Institute for Research on Socio-Economic Inequality, University of Luxembourg, Esch-sur-Alzette, Luxembourg.
Department of Internal Medicine, University of Michigan, Ann Arbor, MI, USA.
Sci Rep. 2024 Mar 20;14(1):6657. doi: 10.1038/s41598-024-56734-7.
Feasibility constraints limit availability of validated cognitive assessments in observational studies. Algorithm-based identification of 'probable dementia' is thus needed, but no algorithm developed so far has been applied in the European context. The present study sought to explore the usefulness of the Langa-Weir (LW) algorithm to detect 'probable dementia' while accounting for country-level variation in prevalence and potential underreporting of dementia. Data from 56 622 respondents of the Survey of Health, Ageing and Retirement in Europe (SHARE, 2017) aged 60 years and older with non-missing data were analyzed. Performance of LW was compared to a logistic regression, random forest and XGBoost classifier. Population-level 'probable dementia' prevalence was compared to estimates based on data from the Organisation for Economic Co-operation and Development. As such, application of the prevalence-specific LW algorithm, based on recall and limitations in instrumental activities of daily living, reduced underreporting from 61.0 (95% CI, 53.3-68.7%) to 30.4% (95% CI, 19.3-41.4%), outperforming tested machine learning algorithms. Performance in other domains of health and cognitive function was similar for participants classified 'probable dementia' and those self-reporting physician-diagnosis of dementia. Dementia classification algorithms can be adapted to cross-national cohort surveys such as SHARE and help reduce underreporting of dementia with a minimal predictor set.

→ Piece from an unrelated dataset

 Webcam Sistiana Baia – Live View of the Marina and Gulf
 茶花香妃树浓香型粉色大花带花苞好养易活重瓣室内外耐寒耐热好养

可行性限制限制了观察性研究中经过验证的认知评估的可用性。因此,需要基于算法的“可能痴呆”识别,但到目前为止,还没有开发出适用于欧洲背景的算法。本研究旨在探讨 Langa-Weir(LW)算法在考虑到国家间痴呆患病率的差异和潜在的漏报率的情况下,检测“可能痴呆”的有用性。对年龄在 60 岁及以上且无缺失数据的 56622 名欧洲健康、老龄化和退休调查(SHARE,2017 年)受访者的数据进行了分析。比较了 LW 的性能与逻辑回归、随机森林和 XGBoost 分类器。与基于经济合作与发展组织数据的估计相比,比较了人群水平的“可能痴呆”患病率。因此,基于回忆和日常生活活动能力受限的特定患病率的 LW 算法的应用,将漏报率从 61.0%(95%CI,53.3-68.7%)降至 30.4%(95%CI,19.3-41.4%),优于测试的机器学习算法。对于被分类为“可能痴呆”的参与者和那些自我报告医生诊断为痴呆的参与者,在健康和认知功能的其他领域的表现相似。痴呆分类算法可以适应 SHARE 等跨国队列调查,并有助于用最小的预测器集减少痴呆的漏报。